The 2019-20 program began in December 2019 with the first meeting being at the MGM Resorts NBA G League Winter Showcase in Las Vegas. The Showcase is the G League’s annual in-season scouting event, when all the teams in the league travel to one city and play in front of NBA general managers and player personnel executives from all 30 NBA organizations.

The Showcase ended up being the only in-person event of the 2019-20 program as the coronavirus pandemic forced the ACP to transition to a full virtual experience. But for Bibby, that one in-person event in Las Vegas led to a future opportunity and highlighted a key aspect of the program – networking.

Bibby, who spent six-and-a-half seasons of his playing career with the Sacramento Kings, met Ty Ellis, the coach of the Kings’ G League affiliate – the Stockton Kings – while in Las Vegas. After Ellis spoke to the larger group, Bibby asked Ellis if he would mind if Bibby sat in on some of Stockton’s practices, games and meetings. Ellis obliged and Bibby took part in film sessions, workouts and meetings over a four-game span before the G League season was halted due to the pandemic.

Now Ellis and Bibby and working together again to assist the NBA G League Ignite program. The team of top prospects coming out of high school is beginning to scrimmage together and Ellis and Bibby are coaching the free agent team that the Ignite squad is competing against. That initial meeting in Las Vegas launched a relationship that as Bibby puts it “has opened a lot of doors for me already.”

This type of networking and collaboration with current and former NBA and G League coaches is core to the program to help the candidates grow. And while the pandemic halted the in-person interactions, it continued in a virtual setting with two calls per week with the program participants focused on coaching and development; homework assignments; and a guest speaker series of professionals from across the industry focused on professional development opportunities, and mock interviews with current and former professional and collegiate basketball decision-makers.

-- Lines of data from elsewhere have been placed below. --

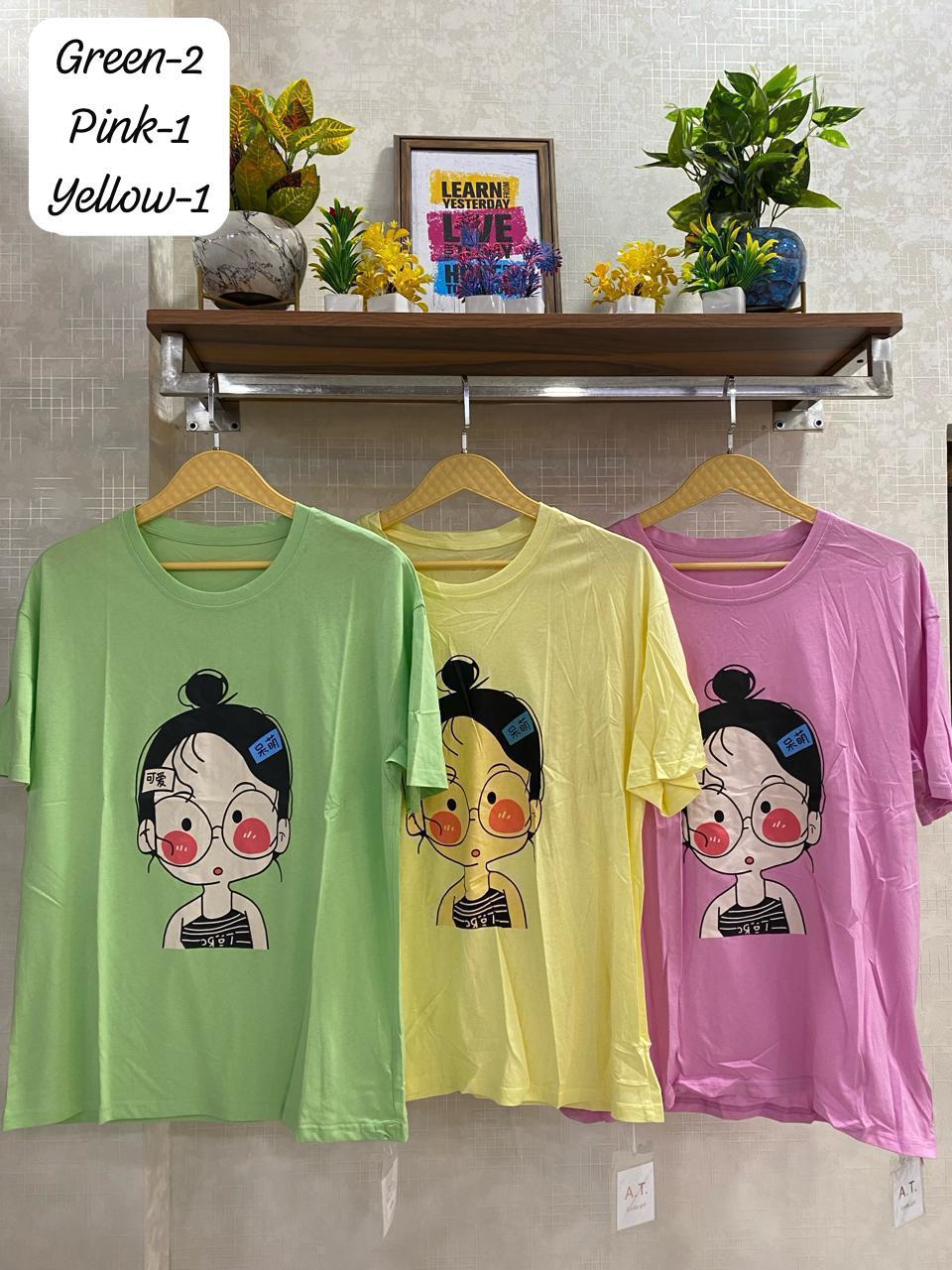 Beautiful Cute Girl Top FT174
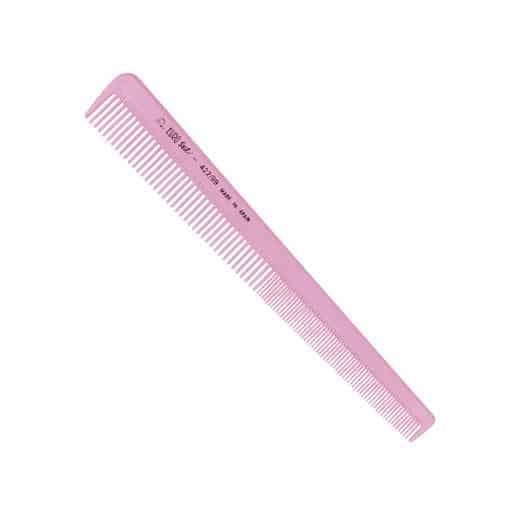 Hårfrisörskam 18 cm MIX COLOURS EUROSTIL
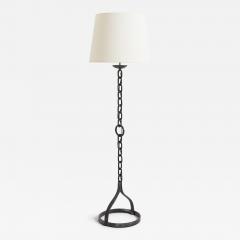 Mid Century Chain Links Floor Lamp - 3560420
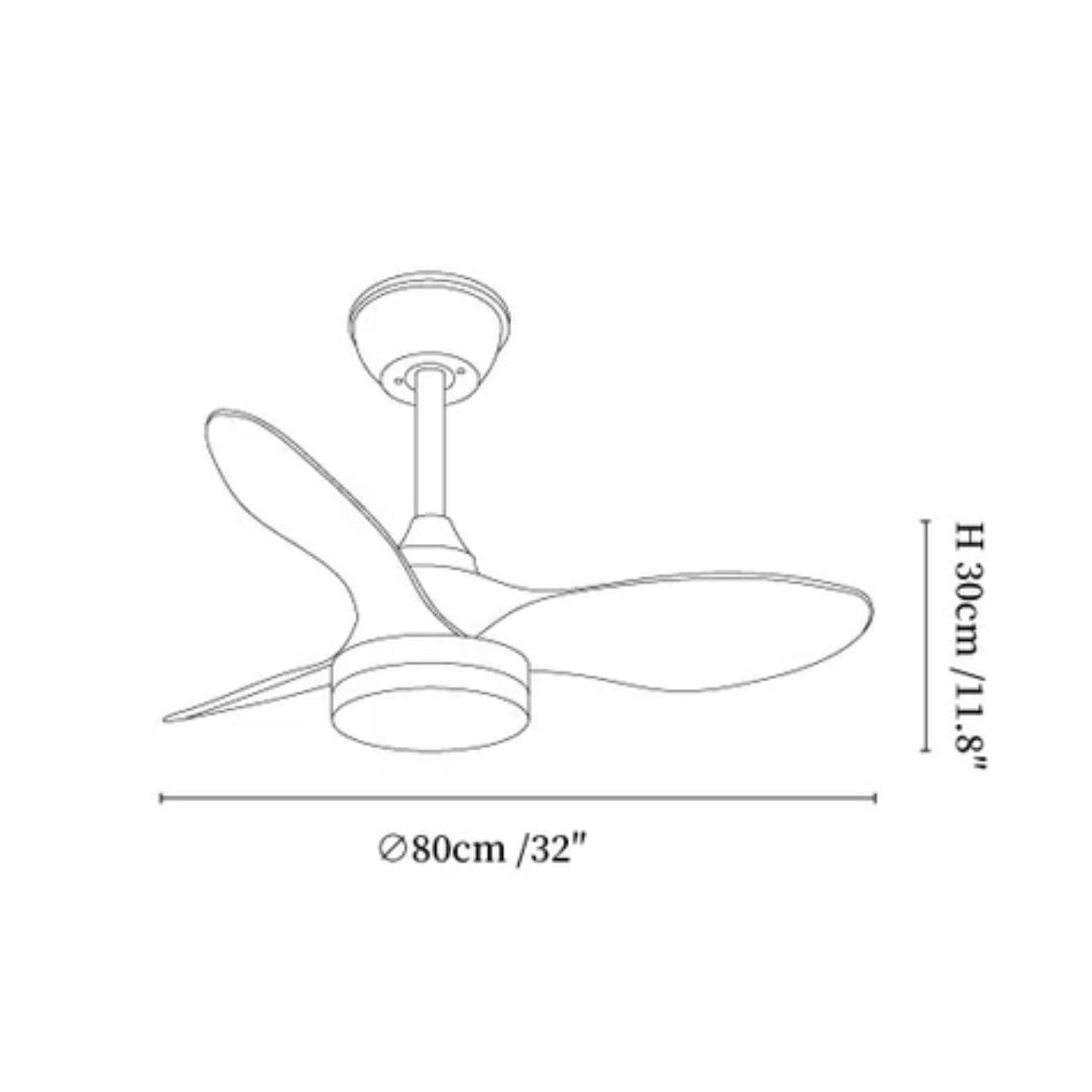 Ventilador de techo Lumbrearo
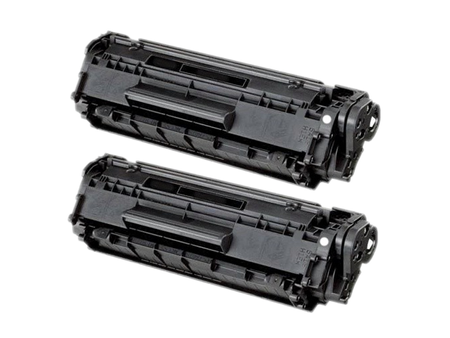 Zestaw 2x Toner do Hp Q2612A czarny / black Zamiennik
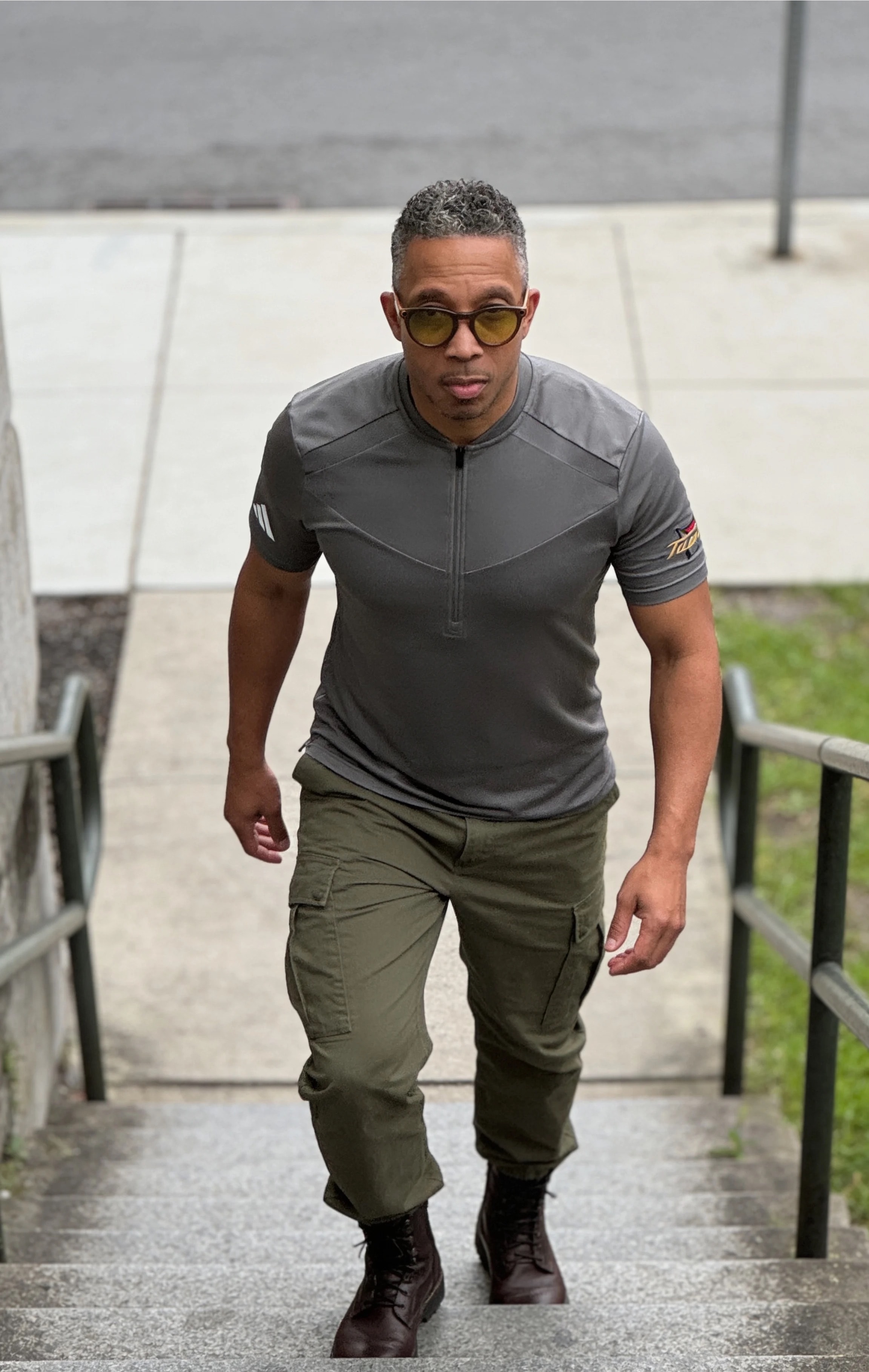Minister Gavin — style that speaks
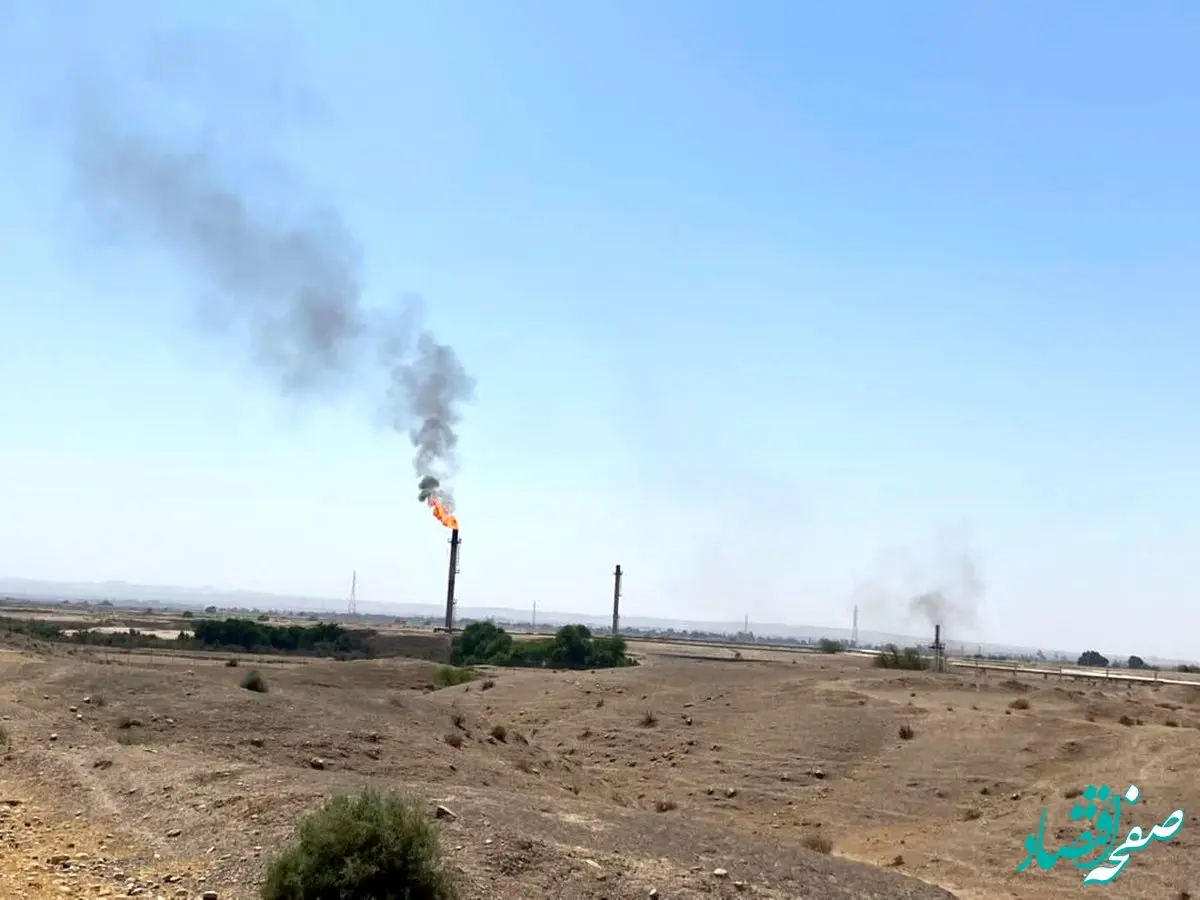کاهش گاز سوزی در فلر NGL ۱۰۰۰ به همت شرکت پالایش گاز بیدبلند خلیج فارس
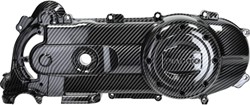 Kickstarterdeksel Glans Carbon Vespa Lx 50 4t / Vespa S 4t / Piaggio Zip 2000 4t / Piaggio Fly 4t / Vespa Lxv 
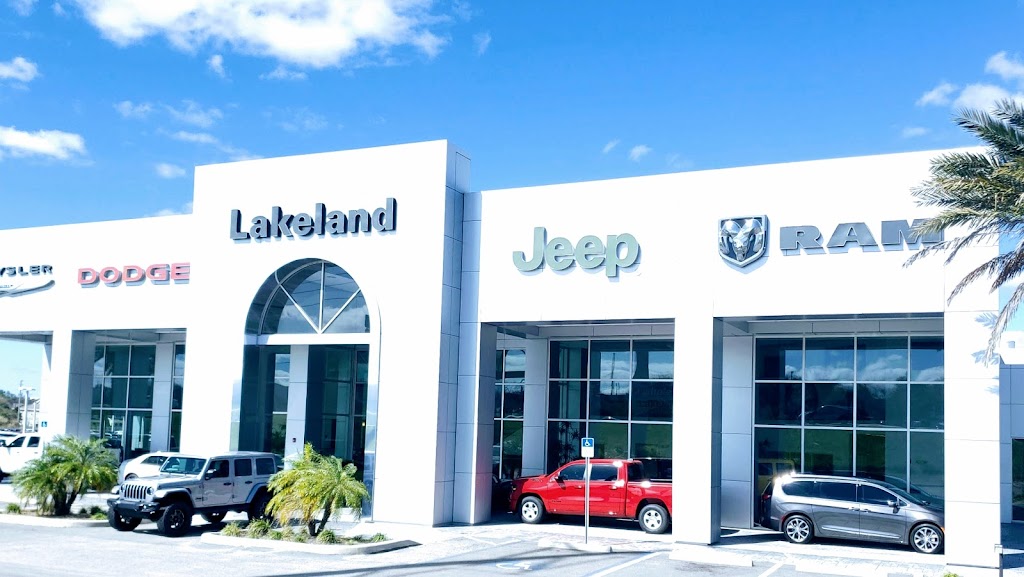 Lakeland Chrysler Dodge Jeep RAM | 2875 Mall Hill Dr, Lakeland, FL 33810, USA | Phone: (863) 617-7801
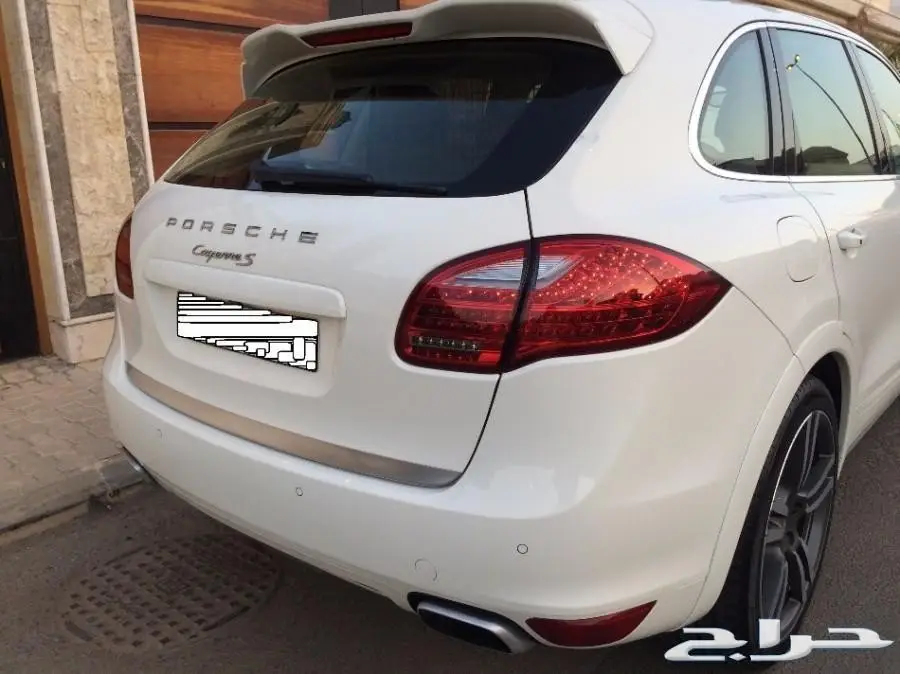 بورش كايين اس 2011 فل كااامل ابيض (image 51)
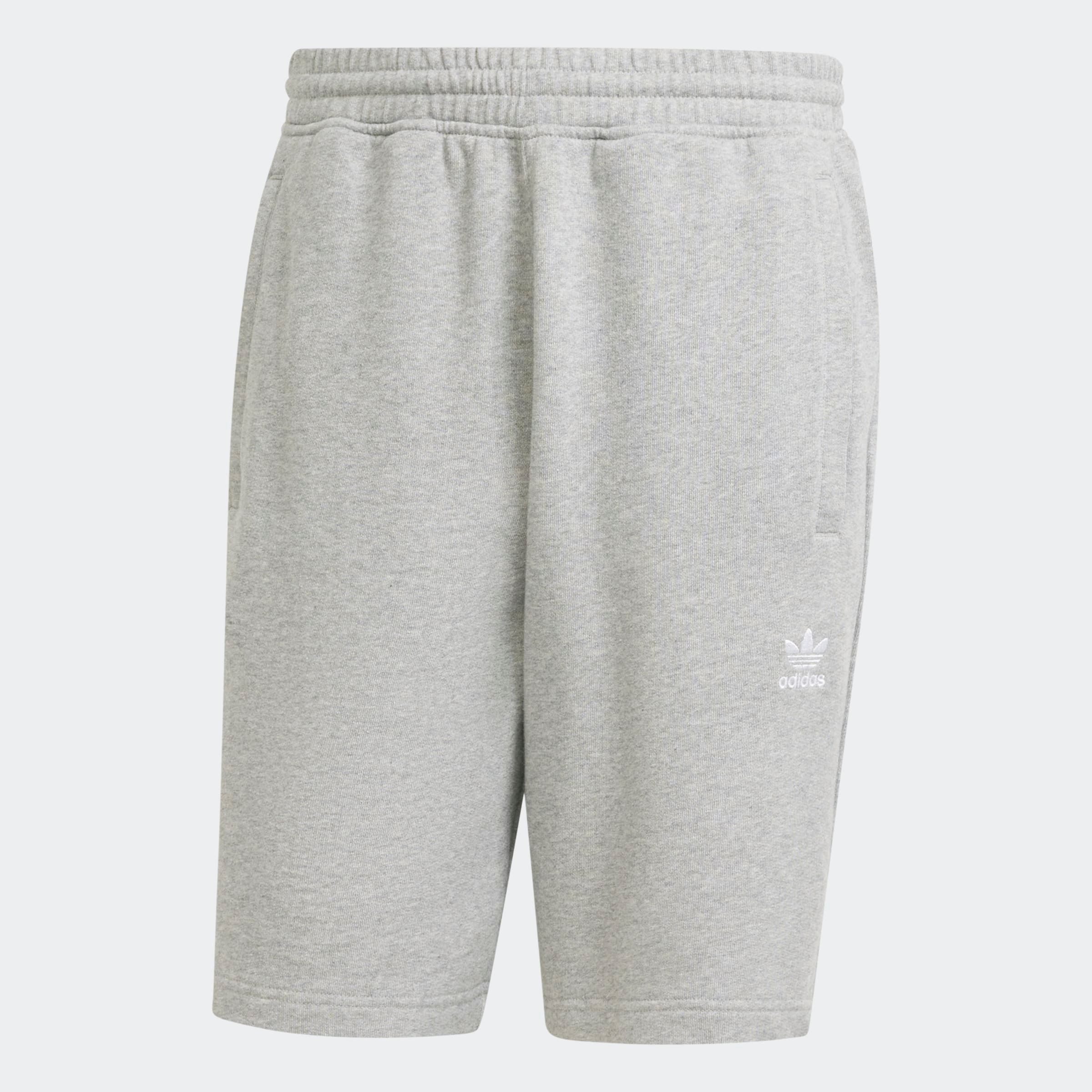 adidas Originals Short ESS SHO Essentiële sweat shorts met logo, van zacht french terry materiaal (1-delig)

“With us going virtual, we were able to get more guest speakers, with G League coaches or GMs, which is something that might not have been able to happen if the season was a normal season,” said Duhon. “So for us to be able to pick their brains, network, and to be able to talk with them and them give us advice, I think that was very beneficial as well during this tough time.”

The program ultimately concluded in September with the candidates looking for future opportunities as hiring gets back into full swing.

“The next step, definitely short term, is looking to be an assistant with a G League team,” said Allen. “And long term is working my way up into the next level, through the G League and through the NBA to put myself in a position to one day become a head coach.”

Whichever opportunities come next, all three candidates feel more prepared for them after being part of the 2019-20 ACP class. “I recommend this program to anybody that’s looking to coach, it helped me tremendously,” said Bibby.

“The Assistant Coaches Program is an investment in the potential of our former players. It builds on their invaluable insights and unique experience as pros while teaching them the technical skills demanded in the professional coaching space,” said NBA Player Development Vice President Jamila Wideman. “We are thrilled about the success of this year’s program, which is a true testament to the talent of the candidates and the ability to shift the robust curriculum virtually.”